Only the lines of the data below from the one with "Aumenta valor de" through the one with "Casa Piermarini Maison d'hôtes Ferentillo" are wanted. Repeat them exactly.

Top of DATA FOR REVIEW

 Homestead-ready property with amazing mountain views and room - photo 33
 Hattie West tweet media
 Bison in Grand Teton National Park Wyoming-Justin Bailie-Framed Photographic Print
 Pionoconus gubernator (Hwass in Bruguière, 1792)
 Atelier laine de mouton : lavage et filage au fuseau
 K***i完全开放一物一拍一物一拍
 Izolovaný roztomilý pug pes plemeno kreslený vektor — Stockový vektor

Bottom of DATA FOR REVIEW
Top of DATA FOR REVIEW

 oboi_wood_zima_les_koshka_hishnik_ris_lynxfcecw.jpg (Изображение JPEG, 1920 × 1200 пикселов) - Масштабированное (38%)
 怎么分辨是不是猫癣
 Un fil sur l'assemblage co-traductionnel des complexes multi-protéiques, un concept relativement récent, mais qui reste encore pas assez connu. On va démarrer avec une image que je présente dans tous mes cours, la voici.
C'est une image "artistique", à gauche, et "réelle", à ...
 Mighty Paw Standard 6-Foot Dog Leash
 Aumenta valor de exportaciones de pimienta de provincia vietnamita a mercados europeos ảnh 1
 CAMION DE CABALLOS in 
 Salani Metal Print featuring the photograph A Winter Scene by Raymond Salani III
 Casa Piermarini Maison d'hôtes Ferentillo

Bottom of DATA FOR REVIEW
Top of DATA FOR REVIEW

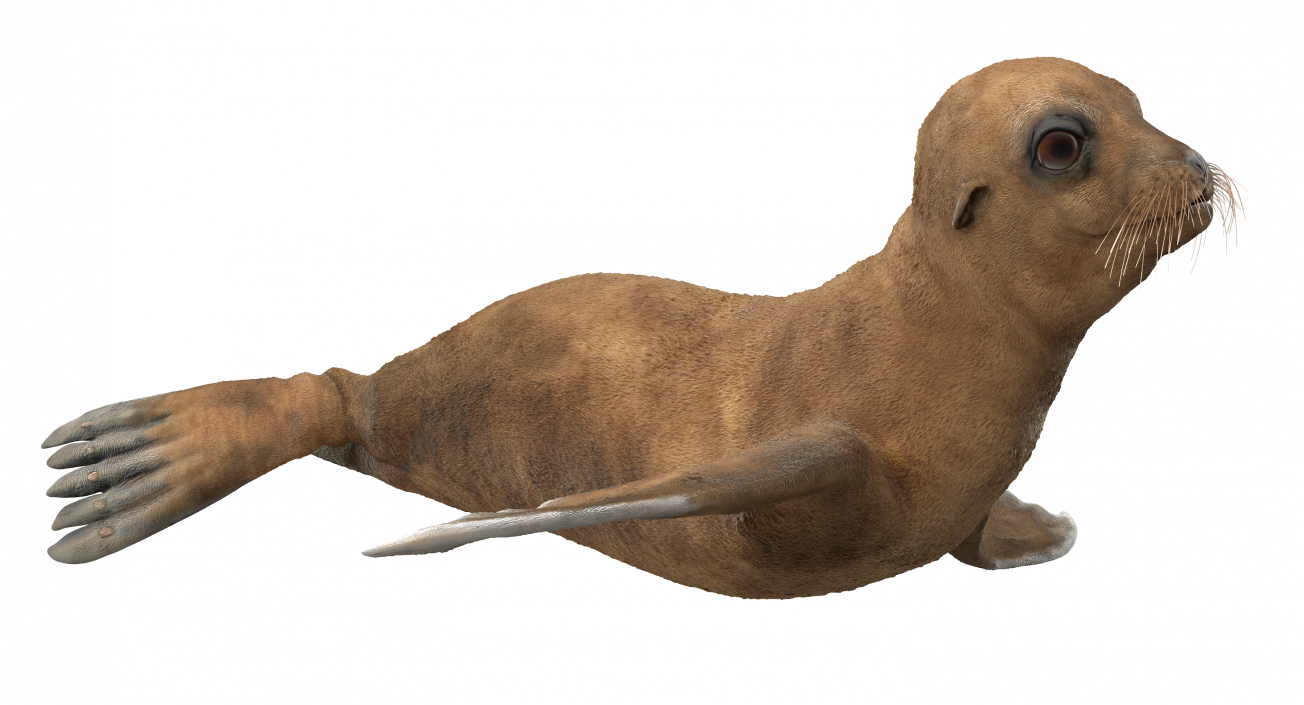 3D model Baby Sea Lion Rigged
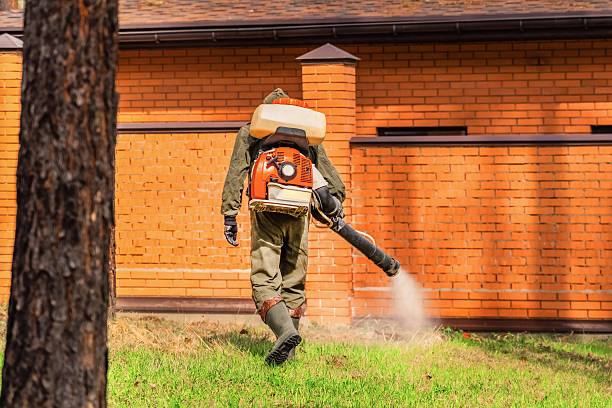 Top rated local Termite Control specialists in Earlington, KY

Bottom of DATA FOR REVIEW

:: COMPLETED TASK ::
 Aumenta valor de exportaciones de pimienta de provincia vietnamita a mercados europeos ảnh 1
 CAMION DE CABALLOS in 
 Salani Metal Print featuring the photograph A Winter Scene by Raymond Salani III
 Casa Piermarini Maison d'hôtes Ferentillo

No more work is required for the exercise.